Duolingo is widening its free tier in a way that changes the economics of language learning: advanced lessons that used to sit deeper in the product are now available at no charge across nine of its biggest courses. The company said on Wednesday that free users can now access advanced content in English, Spanish, French, German, Italian, Portuguese, Japanese, Korean and Chinese on the web, iOS and Android.
The shift matters because the new material is not just extra practice. Duolingo said the expanded courses reach B2 on the Common European Framework of Reference for Languages, which it maps to a Duolingo Score of 129. Until now, most learners in those courses could only complete material up to A2, mapped to a Duolingo Score of 59. In practical terms, the company is giving free users access to longer passages, more complex vocabulary and practice that is meant to move beyond survival phrases and basic conversation.
Duolingo is pitching that change as useful, not just generous. The new free layer includes Advanced Stories for reading practice, DuoRadio episodes for listening comprehension, Explain My Answer, and mini-units. The company said learners can use the material to understand news, movies and jokes in their new language. It also framed B2 as the level that generally allows someone to get a job in that language, a claim that puts employability at the center of the update.
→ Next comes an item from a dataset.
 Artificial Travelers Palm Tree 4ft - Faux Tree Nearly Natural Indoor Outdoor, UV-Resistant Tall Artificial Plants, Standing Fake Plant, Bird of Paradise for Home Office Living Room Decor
That makes the free offering meaningful for students, job seekers and newcomers trying to function in a new country. Duolingo said B2 corresponds to an independent user who can interact with other speakers, understand complex texts and express viewpoints on a wide range of topics. Its own examples included a Ukrainian speaker newly arrived in Germany handling administrative tasks, a Spanish speaker studying Japanese for university, and a Chinese speaker applying to French-speaking companies.
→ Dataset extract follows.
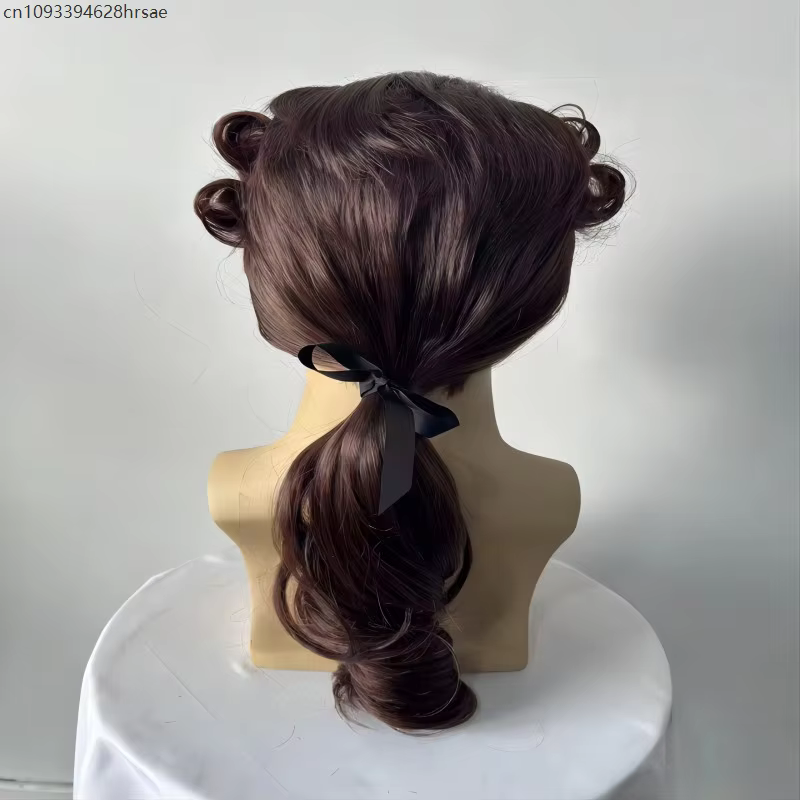 Perruque bouclée de Cosplay baroque pour avocat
At the same time, the expansion also serves Duolingo’s retention strategy. Advanced learners are less likely to churn if the app keeps offering material that feels relevant and challenging, and that can deepen engagement even before a user pays for premium features. The company’s decision to make its Practice tab free in February and to add more than 100,000 DuoRadio episodes across all levels in 2025 points in the same direction: more value for free users, but also more reasons to keep them inside the app.
The move lands with Duolingo in a strong financial position. The company said it surpassed 50 million daily active users in 2025 and generated over $1 billion in bookings, over $400 million in net income and over $300 million in Adjusted EBITDA. It also authorized a $400 million share repurchase program in February and said it will report first-quarter 2026 results on May 4. Against that backdrop, opening B2 content looks less like a giveaway than a strategic bet that wider access will reinforce Duolingo’s scale, brand and hold on the language-learning market.